The big idea of investing in the future trends of mobility and smart transportation is taking InMotion to interesting places and toBoot is a potent example.
What toBoot offers is simple enough. This is a startup venture that enables online shoppers to have their order delivered and deposited in the boot of their car. Making the car the delivery destination has some crucial advantages. The shopper does not have to be present in person to receive the order and nor does she have to — if the delivery has been missed — go and pick it up from somewhere.
The way toBoot works, the courier with the ordered articles gets the location of the customer’s vehicle and a onetime code to access the boot. Once the delivery is made, the customer receives an order confirmation and authentication that the car is securely locked.
The toBoot concept was first tested with a small-scale feasibility study involving deliveries from the John Lewis chain of department stores in the United Kingdom. Another trial with an extended group of customers is now being planned, with the aim of going beyond that of rolling out the service across the country.
InMotion believes it can, by lending a hand to startups in the mobility sphere as well as developing its own internal projects, fashion a substantial and sustainable business. “The key is that we de-risk everything as much as possible,” says Mr Peck. “That’s how we intend to provide value for everyone involved: the corporate backers, entrepreneurs and investors, and for the whole ecosystem.”
Understanding and foreseeing customer needs is vital for InMotion’s well-being. “People have different problems in different parts of the world and there often isn’t a one-sizefits- all solution,” says Mr Peck. “It’s crucial therefore to make sure we’re solving real and relevant customer issues. Additionally, introducing JLR’s fantastic products to new audiences and creating new experiences for them are important objectives for InMotion.”
“The most profound change in mobility patterns will happen in congested urban centres with increasingly strict regulations, emission-free zones and the like,” adds Mr Peck. Such density will necessitate new mobility models. “Take Uber, for example. It works well in densely populated spaces because you have many people who want a ride and many drivers who can provide the service. That makes for a very liquid marketplace and we want some of the value being generated there.”
The business canvas for InMotion is the whole wide world. “We consider everybody and everything,” says Mr Peck. “We look to the East and the West.
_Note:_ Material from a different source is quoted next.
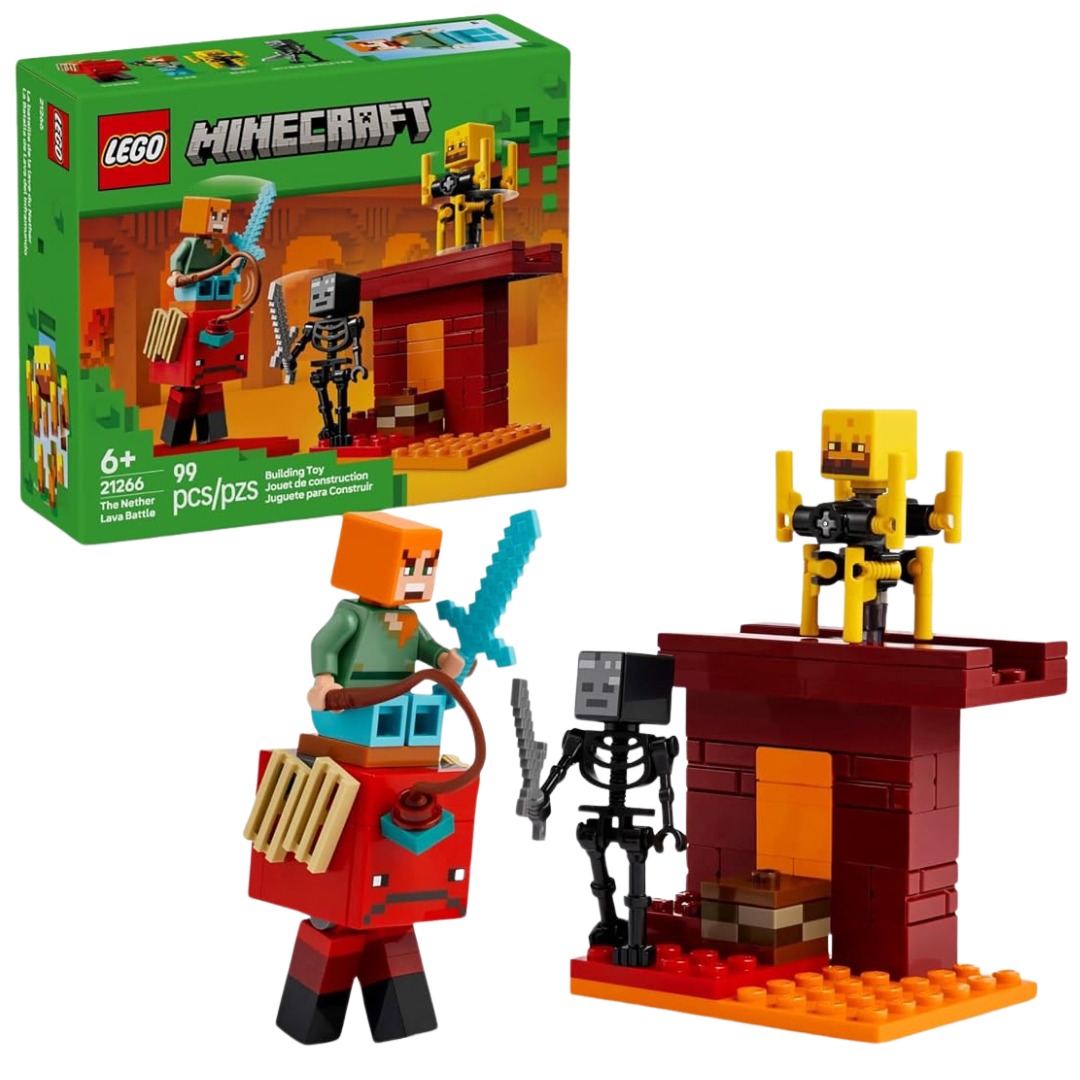 99-Piece LEGO Minecraft: The Nether Lava Battle Building Set (21266)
We have this hybrid approach where we invest in mobility models as well as develop them on our own.”
Mr Peck stresses the need for InMotion to be “comfortable being uncomfortable” in a business segment that is mutating even as it is being created. “A huge number of factors are coming together in shaping [this space]: technology, the sharing economy, population trends, the environment and more. It’s not about trying to predict the future; it’s about being adaptive and agile enough to respond to changing customer needs.”